細かい点で言えば、テレワークが促進され、働き方改革がより進んでいく状況や、人と会うことを前提としたビジネスモデルが変革を迫られるなど、コロナ前後でビジネスの課題が変化するように思えますが、大きな枠組みとしては変わらないということです。
どのような枠組みかということですが、まず、現代のビジネス環境を整理してみます。
企業経営を取り巻くキーワードは、
不確実性
変化のスピードの早さ
人口減少社会→マーケットの縮小
だと思います。これは、
これまでの常識が通用しない
常に変化への対応が必要
生産性の向上が必要
という課題があることを示しています。
つまり、新しい価値の創造、イノベーションが必要だということです。イノベーション無くして、今後企業は生き残れないという環境にあり、このことはどの業界でも基本的には同じで、コロナ禍があってもなくても変わることはないというわけです。
そして、コロナ後は、さらにその状況が加速することになります。
2.イノベーションに取組む企業が勝ち組になる
イノベーションの本質は「既存の知と知の組み合わせ」です。これは、「アナロジー」と言ってもいいと思います。

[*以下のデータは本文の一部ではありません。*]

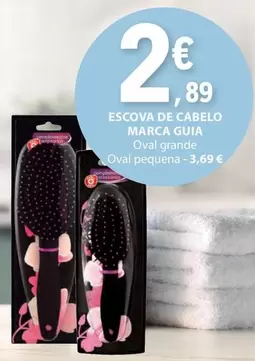 Oferta de Marca Guia - Escova De Cabelo por 2,89€ em E.Leclerc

前述の「世界標準の経営理論」にも「知の探索・知の深化の理論」として紹介されていますが、この理論では、企業経営は「知の探索」と「知の深化」のバランスで成り立っているとされます。これを「両利きの経営」といいます。
この「両利きの経営」について、入山さんは、
イノベーションは、一見関係ないもの同士を組み合わせることで生まれるため、「知の探索」(exploration)が必要なのです。そして、その組み合わせの結果、儲かりそうなところがあればそこを深掘りしていきます。これが「知の深化」(exploitation)です。知の探索と知の深化をバランス良くできる企業では、イノベーションを起こせる確率が高くなります。これを「両利きの経営」(Ambidexterity)といいます。
と説明しています。
前回の投稿でも書きましたが、「知の探索」とは、自分から離れた「遠くの知」を探索することをいいます。それを自分の持っている既存の知と組み合わせることで、イノベーションが起こるというわけです。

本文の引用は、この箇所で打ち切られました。